For me the test is; when will a Siri-LLM be able to run locally on my iPhone at ...

adam_arthur · on Sept 7, 2023

Given that phones are a few years behind PCs on RAM, likely whenever the average PC can do it, plus a few years. There are phones out there with 24GB of RAM already, it looks like.

Of course battery life would be a concern there, so I think LLM usage on phones will remain in the cloud.

Haven't studied phone RAM capacity growth rates in detail though

nico · on Sept 7, 2023

That’s for LLMs, but at the same time, there are other types of models coming out

Wouldn’t be surprised if we get small models that can run locally on a phone and just retrieve data from the network as needed (without sending your data out), within the next couple of years

baq · on Sept 7, 2023

Wonder if someone is thinking of LLM specific RAM, slower but much denser. Bonus points for not having to reload the model after power cycling.
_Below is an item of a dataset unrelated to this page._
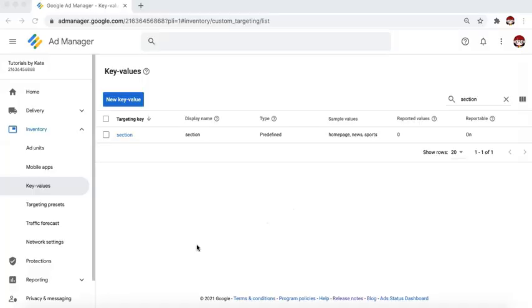Hi, everyone. Welcome back to my channel. Today, we are going to discuss key value pairs or key values in Google Ad Manager, how you can use it to target specific sections of your site or specific sections of your ad inventory.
Maybe call this fantastic technology something idiotic like 3d XPoint?

AnthonyMouse · on Sept 7, 2023

> slower but much denser. Bonus points for not having to reload the model after power cycling.

This is called a solid state drive.

baq · on Sept 8, 2023

Goes to show how badly Intel executed that one.

AnthonyMouse · on Sept 8, 2023

What? You can do this right now. Put your >100GB model on your SSD in your computer with <100GB of RAM and use mmap. It's not fast, but it runs.

baq · on Sept 8, 2023

My point is Intel had the perfect tech for this and killed it.

https://en.wikipedia.org/wiki/3D_XPoint

AnthonyMouse · on Sept 8, 2023

They didn't really. What this wants is gobs of memory bandwidth. The fastest NVMe SSDs can essentially saturate the PCIe bus. Using a dozen or more of them in parallel might even have reasonable performance for this. (Most desktops don't have this many PCIe lanes but HEDT and servers do). And they're a lot cheaper than Optane was.

To do better than that would have required the version of Optane that used DIMM slots, which was something like a quarter of the performance of actual DRAM for half the price.

So you had something that costs more than ordinary SSDs if your priority is cost and is slower than DRAM if your priority is performance. A lot of times a middle ground like that is still valuable, but since cache hierarchies are a thing, having a bit of fast DRAM and a lot of cheap SSD serves that part of the market well too.

And in the meantime ordinary SSDs got faster and cheaper and DRAM got faster and cheaper. Now you can get older systems with previous generation DRAM that are faster than Optane for less money. They stopped making it because people stopped buying it.

ronsor · on Sept 7, 2023

The problem with that is LLM speed is mostly bottlenecked by memory bandwidth. Slower RAM means worse performance.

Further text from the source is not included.